So there are geographic walls separating countries, separating social classes, separating neighbourhoods, and in some cases, also segregating schools. And there are fire walls in our digital technology, serving both purposes of protection and of challenging the criminal/terrorist segment of our population. And there are walls  in rooms for privacy, for solitude and for quiet. And then there are those walls that we build in our minds, segregating out those elements of our universe that we consider dangerous, or even too complex to deal with, or perhaps even more likely, too “unconventional” in our way of thinking. And as for the last, there is no earth-moving equipment that can or will eradicate them; there are however, substantial social and political agencies determined to maintain them, allegedly for the purity of their own “kind” and for the protection from heathens and heretics who might contaminate their “kind”.

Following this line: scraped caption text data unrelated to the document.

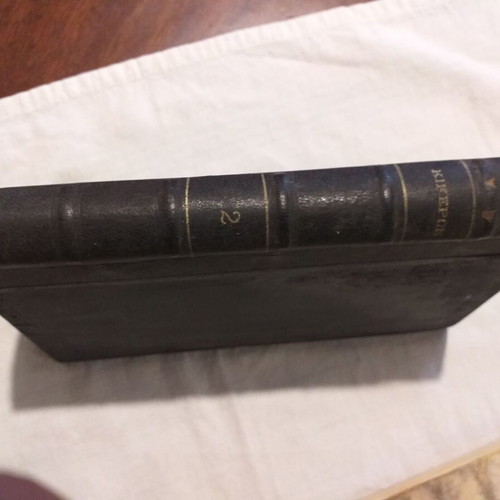 Book from 1886 with Cicero's works in German, hardcover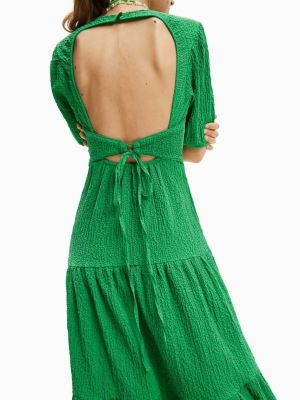 Платье миди Desigual зеленое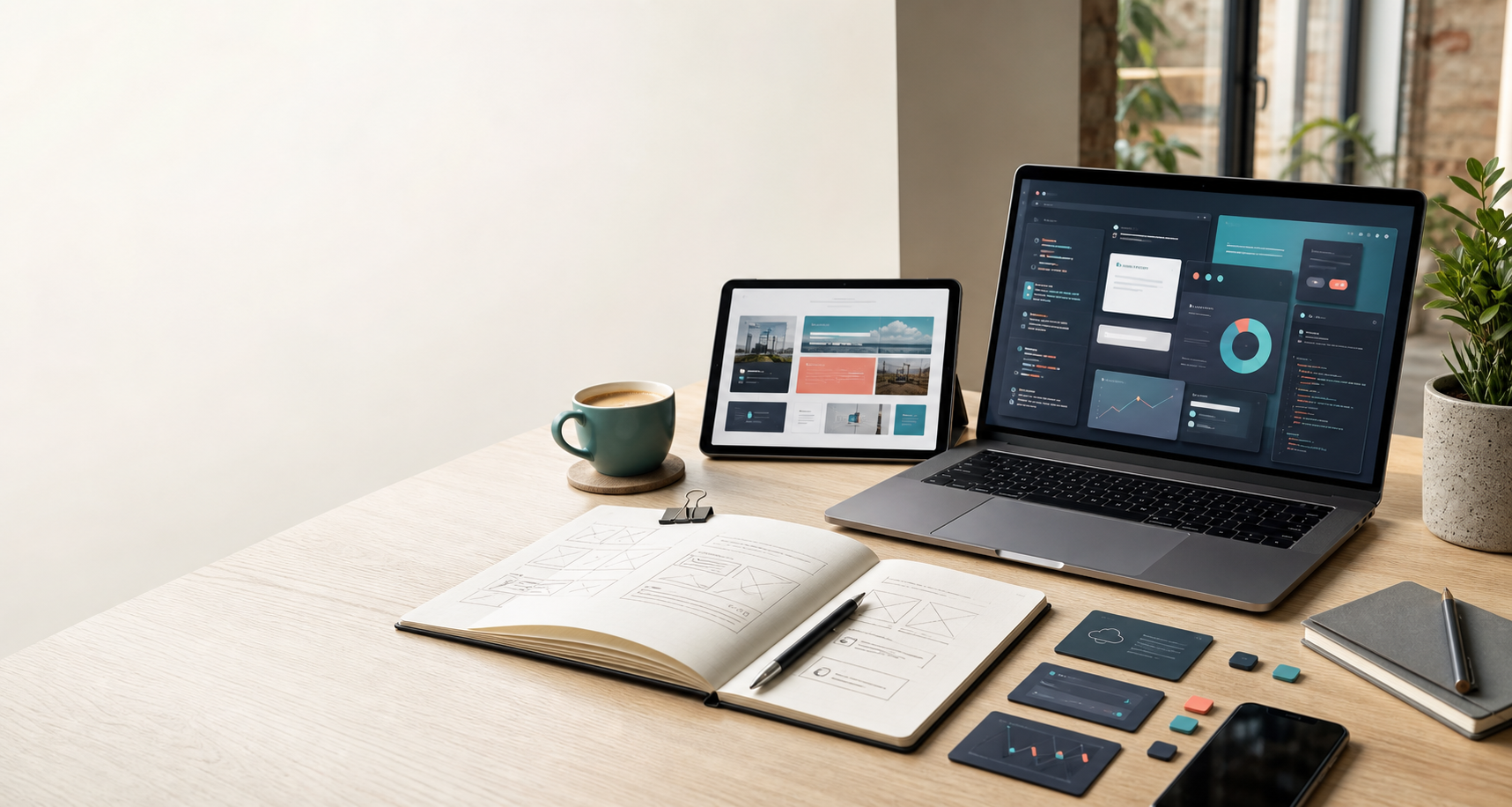 Workspace digitale per sviluppo di siti web e software personalizzati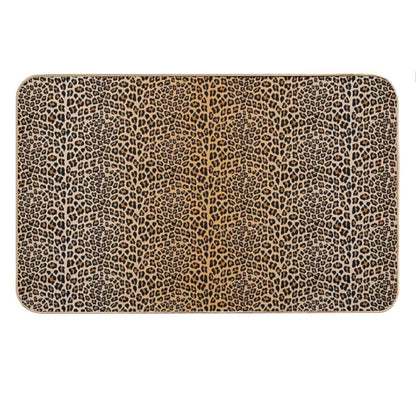 Trendy Leopard Print Aesthetic – Wild Animal Pattern Design Bath Mat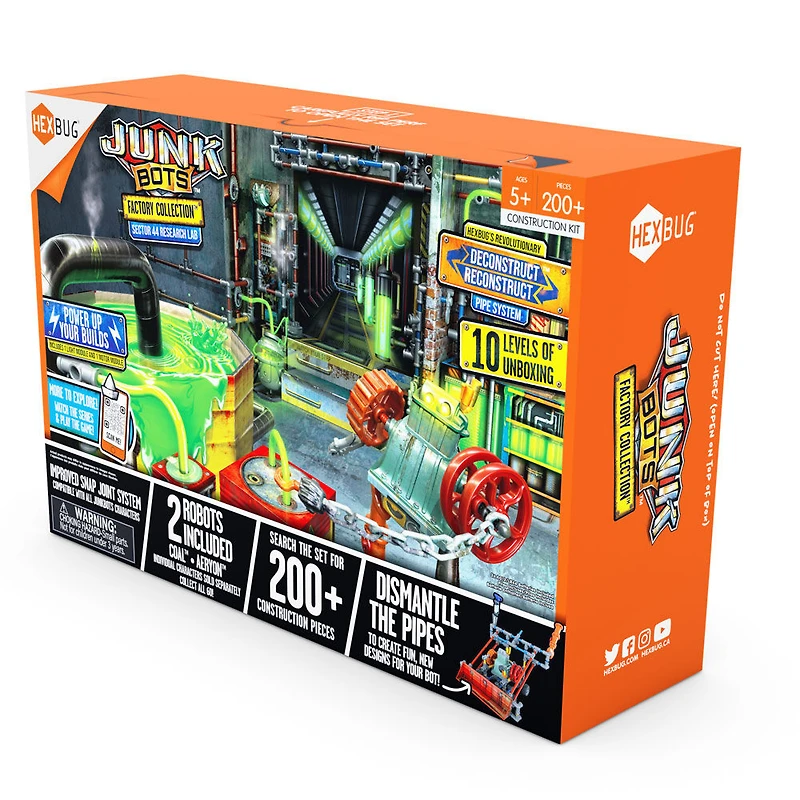 Petit Habitat Usine Junkbots, Laboratoire De Recherche Secteur 44, Hexbug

It was not until adulthood that I encountered another adult who required a minimum of 7 feet of what he termed social space. That requirement was enough to build a wall, at least in my mind and attitude, that this person was not someone whose acquaintance urged me to pursue past the first meeting. And there was only the wall he had built over years of conditioning, presumably to the acquiescence of his friends and family.

Are we teaching children to construct walls, based on their respective fears, or on the assimilation of social stereotypes of “less-than-desireable” untouchables?

Are we propagating a protective mind-set that requires walls of various kinds to keep us safe, in a world gone wild with alleged threats?

Are we also building communities that contain the seeds of our own segregation, in order to give obeisance to the rich, the powerful and the oligarchy?

Walls keep in, and keep our different ghettos, yet only those inside refuse to see themselves as residents of a ghetto.

How sad!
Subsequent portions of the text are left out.